_THE TASK:_ From the listing below, copy each line that contains the word "Storage".

_THE DATA:_
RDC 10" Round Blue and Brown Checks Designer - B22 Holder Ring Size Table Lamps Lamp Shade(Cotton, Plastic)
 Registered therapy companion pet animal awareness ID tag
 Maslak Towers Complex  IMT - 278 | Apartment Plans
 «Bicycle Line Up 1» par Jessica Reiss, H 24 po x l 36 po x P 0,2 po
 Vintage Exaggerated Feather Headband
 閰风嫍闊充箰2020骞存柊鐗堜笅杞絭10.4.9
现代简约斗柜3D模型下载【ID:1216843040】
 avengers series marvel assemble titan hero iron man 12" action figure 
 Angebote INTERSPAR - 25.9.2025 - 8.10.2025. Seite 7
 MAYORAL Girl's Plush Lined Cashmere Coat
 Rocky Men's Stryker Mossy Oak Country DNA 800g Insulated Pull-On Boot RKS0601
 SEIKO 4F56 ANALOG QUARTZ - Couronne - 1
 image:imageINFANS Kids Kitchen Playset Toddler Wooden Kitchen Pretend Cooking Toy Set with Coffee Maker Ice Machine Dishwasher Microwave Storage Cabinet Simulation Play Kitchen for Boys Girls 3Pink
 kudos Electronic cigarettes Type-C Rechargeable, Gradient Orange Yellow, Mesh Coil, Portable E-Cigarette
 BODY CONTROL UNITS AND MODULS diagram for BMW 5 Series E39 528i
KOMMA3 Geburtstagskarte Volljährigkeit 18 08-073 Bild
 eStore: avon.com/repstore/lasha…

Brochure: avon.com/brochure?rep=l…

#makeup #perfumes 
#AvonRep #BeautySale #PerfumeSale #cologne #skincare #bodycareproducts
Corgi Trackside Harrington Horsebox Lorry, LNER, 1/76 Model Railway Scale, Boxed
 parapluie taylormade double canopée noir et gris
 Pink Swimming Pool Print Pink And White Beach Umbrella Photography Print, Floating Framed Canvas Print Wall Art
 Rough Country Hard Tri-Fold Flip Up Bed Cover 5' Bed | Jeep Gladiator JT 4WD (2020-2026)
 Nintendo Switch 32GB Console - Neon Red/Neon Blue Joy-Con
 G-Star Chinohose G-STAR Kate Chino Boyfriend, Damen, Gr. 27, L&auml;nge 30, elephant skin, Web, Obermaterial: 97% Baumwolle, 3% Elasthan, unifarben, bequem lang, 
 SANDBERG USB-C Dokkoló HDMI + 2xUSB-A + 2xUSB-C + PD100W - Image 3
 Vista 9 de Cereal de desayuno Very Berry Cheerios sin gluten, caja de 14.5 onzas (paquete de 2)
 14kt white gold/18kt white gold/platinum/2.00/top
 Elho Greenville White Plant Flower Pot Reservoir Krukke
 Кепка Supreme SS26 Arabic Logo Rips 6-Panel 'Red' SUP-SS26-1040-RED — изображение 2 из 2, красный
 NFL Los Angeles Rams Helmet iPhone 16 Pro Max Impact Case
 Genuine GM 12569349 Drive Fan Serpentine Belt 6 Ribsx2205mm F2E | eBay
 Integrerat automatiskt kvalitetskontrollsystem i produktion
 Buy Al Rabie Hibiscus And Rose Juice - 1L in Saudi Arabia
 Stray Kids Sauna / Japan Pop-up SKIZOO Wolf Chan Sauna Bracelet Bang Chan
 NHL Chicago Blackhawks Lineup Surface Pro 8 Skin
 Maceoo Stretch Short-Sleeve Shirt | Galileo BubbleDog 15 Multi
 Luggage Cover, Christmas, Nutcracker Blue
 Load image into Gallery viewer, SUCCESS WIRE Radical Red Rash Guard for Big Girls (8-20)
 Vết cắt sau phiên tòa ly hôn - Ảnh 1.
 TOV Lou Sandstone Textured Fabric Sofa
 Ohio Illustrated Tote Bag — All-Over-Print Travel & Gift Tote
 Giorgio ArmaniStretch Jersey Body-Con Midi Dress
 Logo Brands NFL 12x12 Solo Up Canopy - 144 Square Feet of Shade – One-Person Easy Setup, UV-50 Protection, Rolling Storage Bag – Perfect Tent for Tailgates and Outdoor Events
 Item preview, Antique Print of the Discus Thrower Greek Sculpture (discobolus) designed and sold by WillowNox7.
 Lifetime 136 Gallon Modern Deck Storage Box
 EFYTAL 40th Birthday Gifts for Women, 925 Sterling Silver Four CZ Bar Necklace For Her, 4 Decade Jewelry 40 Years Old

_REPLY TO THE TASK:_
 image:imageINFANS Kids Kitchen Playset Toddler Wooden Kitchen Pretend Cooking Toy Set with Coffee Maker Ice Machine Dishwasher Microwave Storage Cabinet Simulation Play Kitchen for Boys Girls 3Pink
 Logo Brands NFL 12x12 Solo Up Canopy - 144 Square Feet of Shade – One-Person Easy Setup, UV-50 Protection, Rolling Storage Bag – Perfect Tent for Tailgates and Outdoor Events
 Lifetime 136 Gallon Modern Deck Storage Box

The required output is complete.